Wohin man auch schaut in der Welt von 2024 – an allen Ecken und Enden ist die Demokratie bedroht durch Kräfte der Autokratie, Verunsicherung und Spaltung. Kräfte, die versuchen Pluralismus und Vielfalt dem Erdboden gleichzumachen oder zumindest massiv einzudämmen. Das geschieht im Großen auf Staatenebene – ganz aktuell aber auch im Kleinen durch das Studierendenwerk München Oberbayern.

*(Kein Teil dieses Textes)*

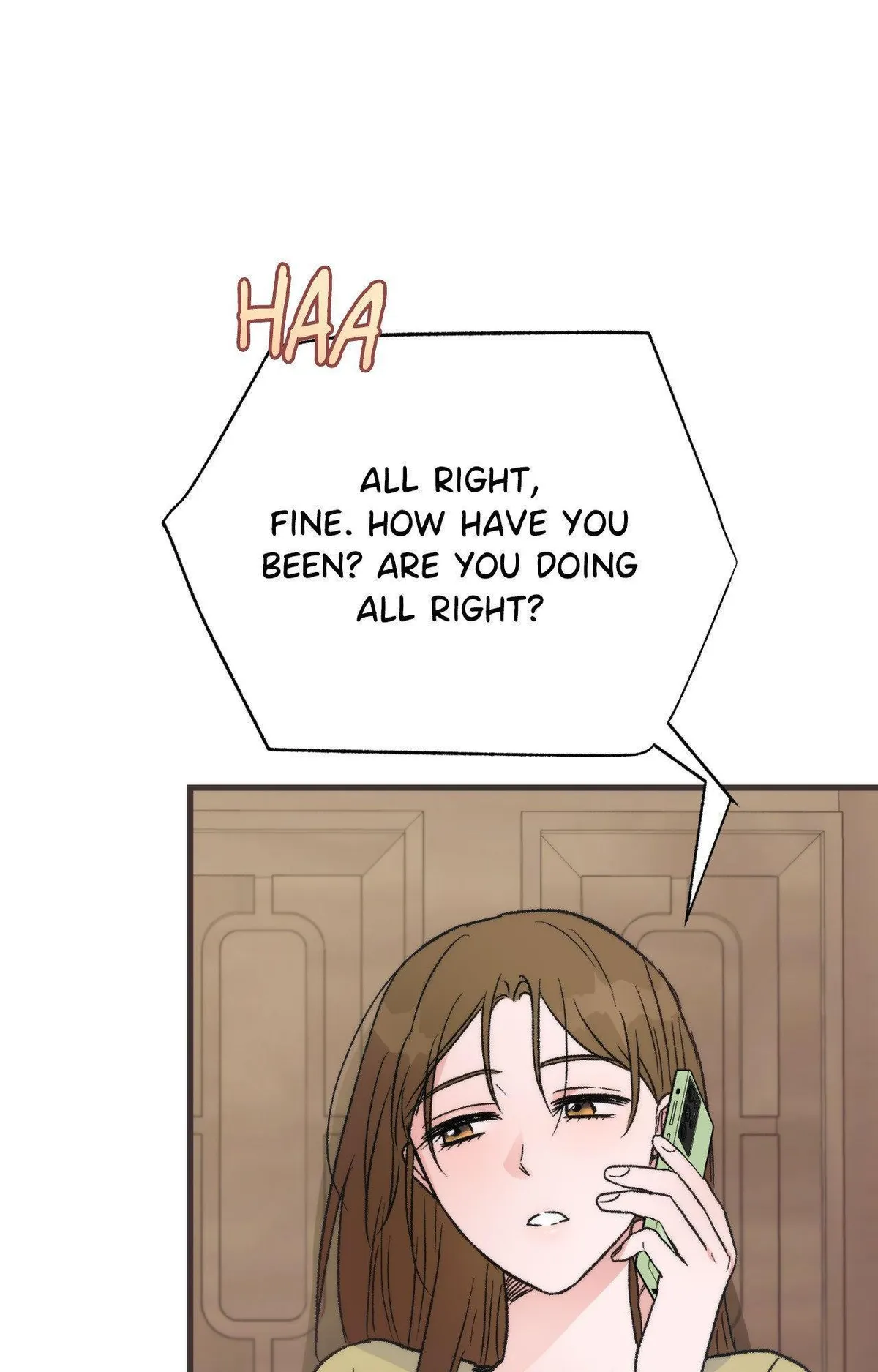 Read a-midsummer-s-carol chapter 5 image 113 on Lezhin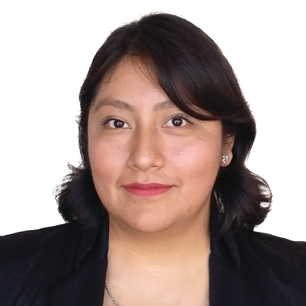 Jefa Del Departamento De Asistencia Sindical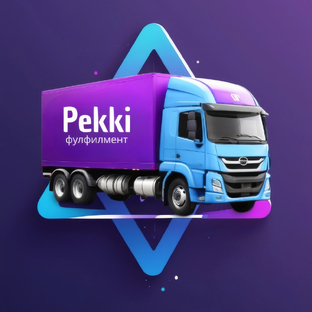 Статистика Дзен FF Pekki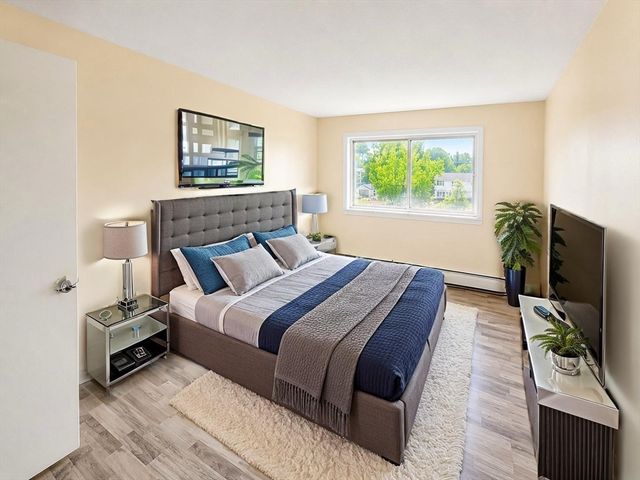150 Second St 310, Framingham, MA 01702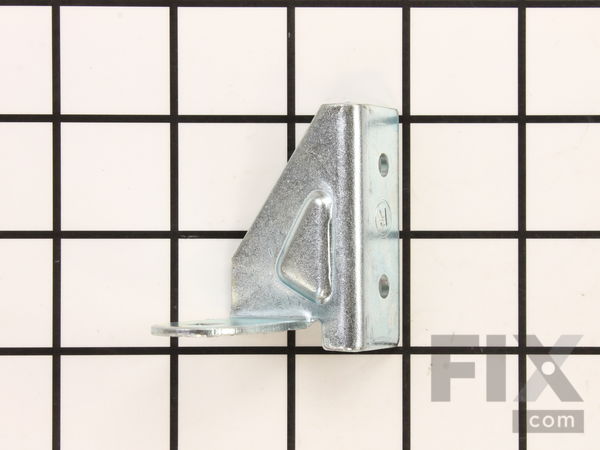 10184418-1-M-DeWALT-761368-00-Bracket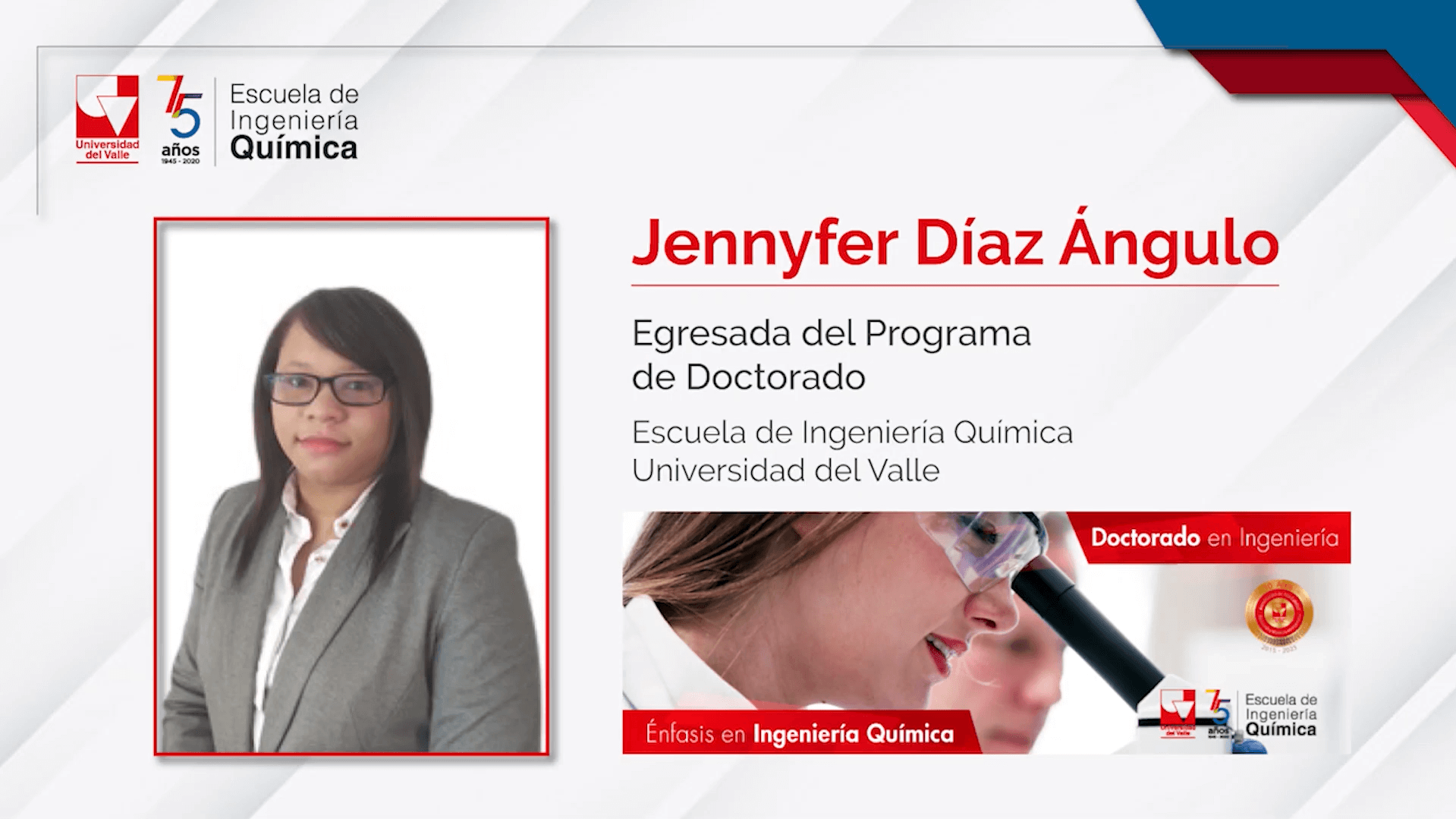 Captura-de-pantalla-2024-04-21-231806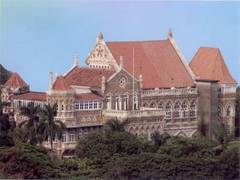 
      
      Mumbai: Police custody of former PMC Bank director extended...
      
      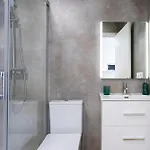 Rentalsevilla Alfarería I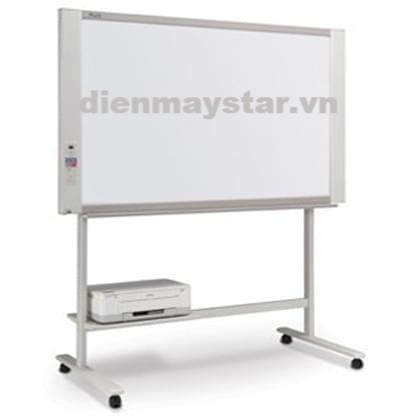 Bảng điện tử Plus N-20W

Bisher konnten sich die diesem unterstellten Wohnheime durch demokratische Prozesse selbst verwalten, indem etwa Haussprecher:innen und Tutor:innen von den Heimbewohner:innen selbst gewählt wurden, um entsprechend demokratischer Grundprinzipien die Interessen der Bewohner:innenschaft möglichst adäquat zu vertreten – sowohl nach innen als auch nach außen, um bei Problemen zu vermitteln, das Zusammenleben miteinander zu organisieren und die für die Studierendenkultur Münchens so wertvollen größeren und kleineren Events, wie etwa den Biedersteiner Fasching, unabhängig und vielfältig zu gestalten.

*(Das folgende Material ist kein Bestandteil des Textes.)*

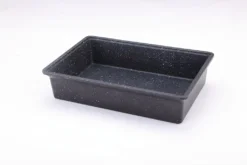 EXCLUSIVE GRANIT MARMOR Elektrogrill Multigrill Kontaktgrill Grill Toaster LAHMACUN + Kasserolle BLACKMODELL 2021 -Günstiges Laube Lust Geschäft bed099b8d3ffbcb35805e22a261a731a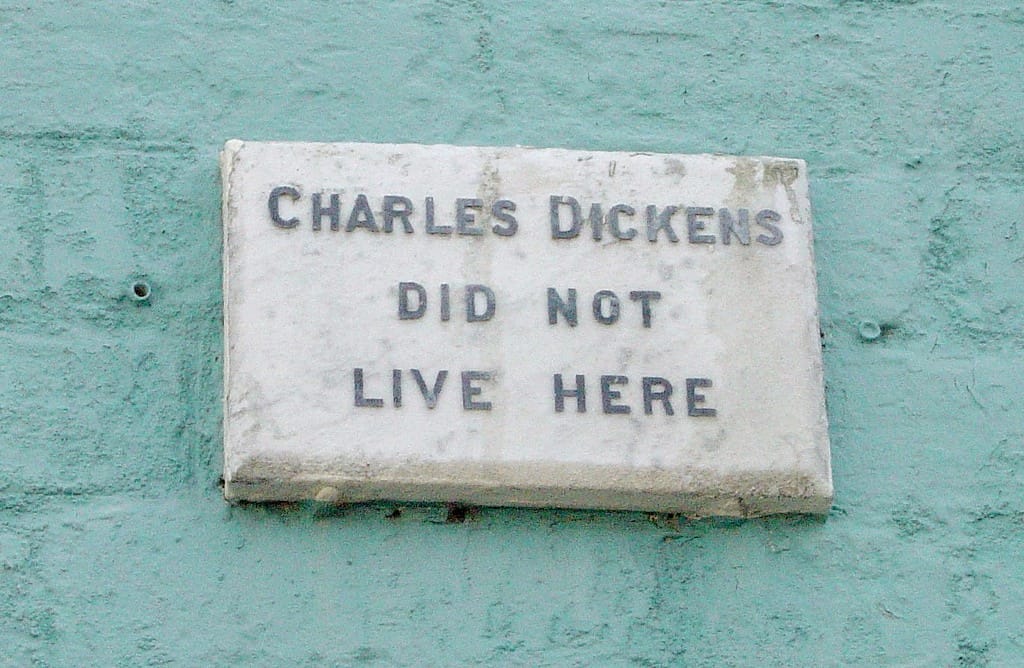 Dickens_slide
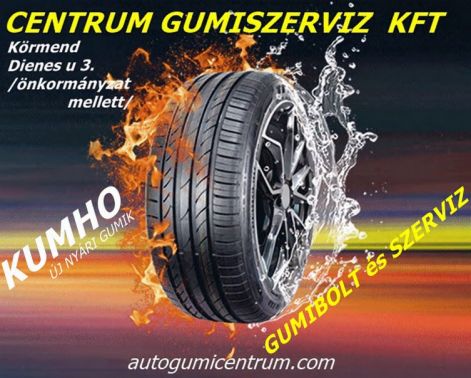 kumho_uj_nyari_gumi_gumibolt_es_szerviz_-centrum-gumiszerviz-kormend.jpg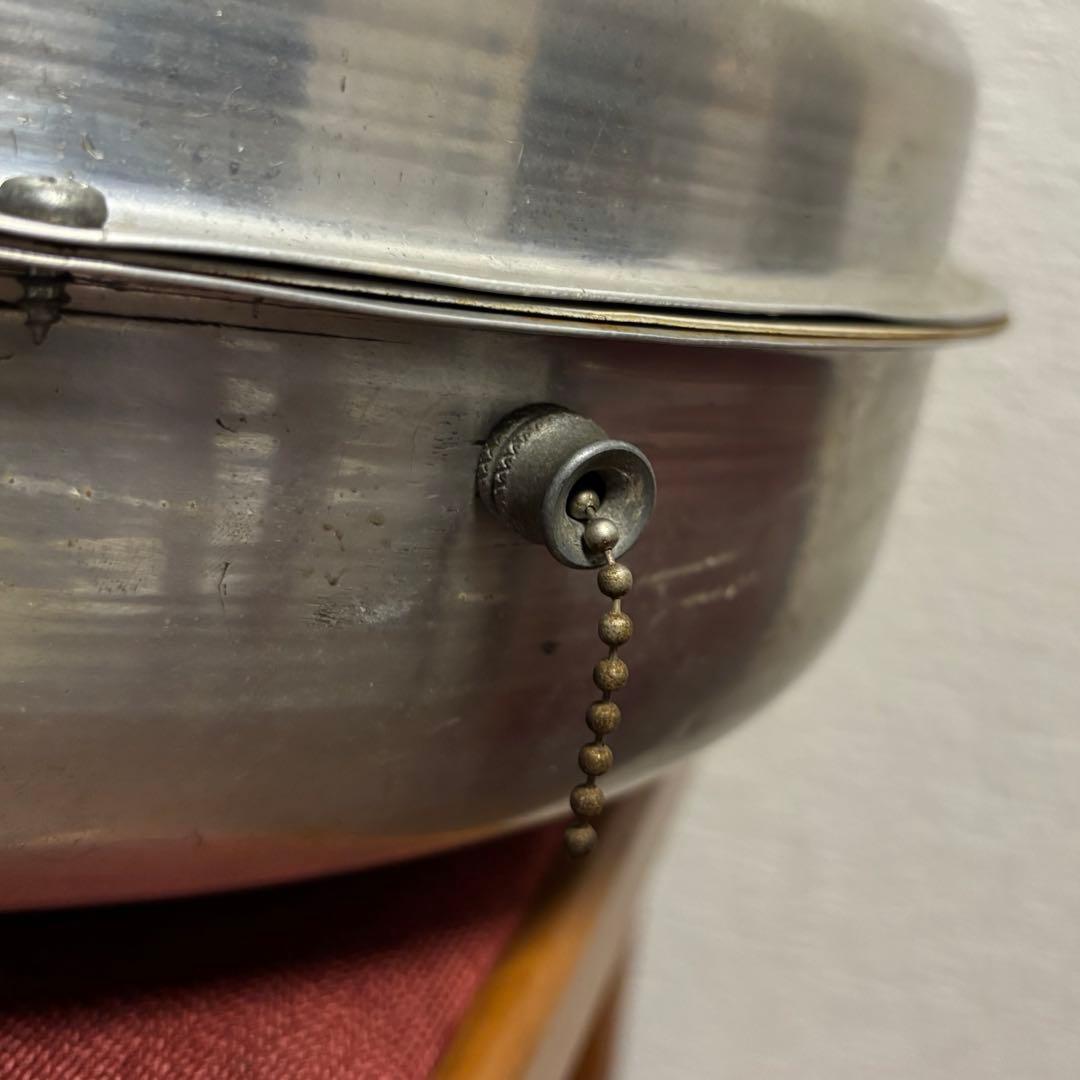 専用⭐︎激レア⭐︎【7up セブンアップ】ヴィンテージライトアップ時計　動作確認済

Damit soll nun Schluss sein: Per E‑Mail teilte das Studierendenwerk am 6. Februar 2024 umfangreiche änderungen mit, unter anderem auch, dass künftig das Amt der Haussprecher:innen wegfallen und durch via Bewerbung beim Studierendenwerk ausgewählte Tutor:innen übernommen werden soll. Auch die Wohnzeitverlängerungen aufgrund ehrenamtlichen Engagements von Studierenden im Wohnheim sollen zukünftig nicht fortbestehen.
"Das Studierendenwerk greift unsere demokratischen Strukturen an"

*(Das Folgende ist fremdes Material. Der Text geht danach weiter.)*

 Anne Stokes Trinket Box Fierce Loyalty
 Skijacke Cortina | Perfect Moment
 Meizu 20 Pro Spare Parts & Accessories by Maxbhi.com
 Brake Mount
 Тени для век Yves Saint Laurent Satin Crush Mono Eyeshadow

Flyer mit Aufruf zur Demonstration gegen die neuen Richtlinien
Der obige Satz ist auf der Seite des Biedersteiner Wohnheims in Zusammenhang mit den neuen Richtlinien zu lesen. Die betroffenen Studierenden sind von den Plänen des Studierendenwerks schockiert und fürchten um das Wohnheimsleben, das sie bisher kannten und schätzten – eben weil es bisher durch den engagierten Einsatz und die Mitsprache der Bewohner:innen entstehen konnte und auf unterschiedlichste Weise bereichert wurde.
Im Münchner Wohnheimforum haben die gewählten Vertreter:innen aus 17 vom Studierendenwerk verwalteten Wohnheimen ihre detaillierten Forderungen in einem Positionspapier zusammengefasst. Zahlreiche Zeitungen haben über die Lage berichtet und es hat sich ein wohnheimsübergreifender Protest formiert, bei welchem ca. 200 Protestierende (hauptsächlich Studierende) sich am Geschwister Scholl Platz versammelt haben.
"Studierendenvertretung, die kein gesetzliches Mandat zur Vertretung von Studierenden besitzt"
Das Studierendenwerk zeigte jedoch wenig Verständnis für die Sorgen der Studierenden. Ein Vertreter kommentierte etwa sinngemäß, man solle sich doch mal in der Welt umsehen, wo sonst so die Demokratie verloren ginge und dann überlegen, ob die Maßstäbe bei diesem Protest hier so angebracht seien. Die neuen Richtlinien werden wie geplant umgesetzt, wie das Studierendenwerk in seiner Pressemitteilung klargestellt hat.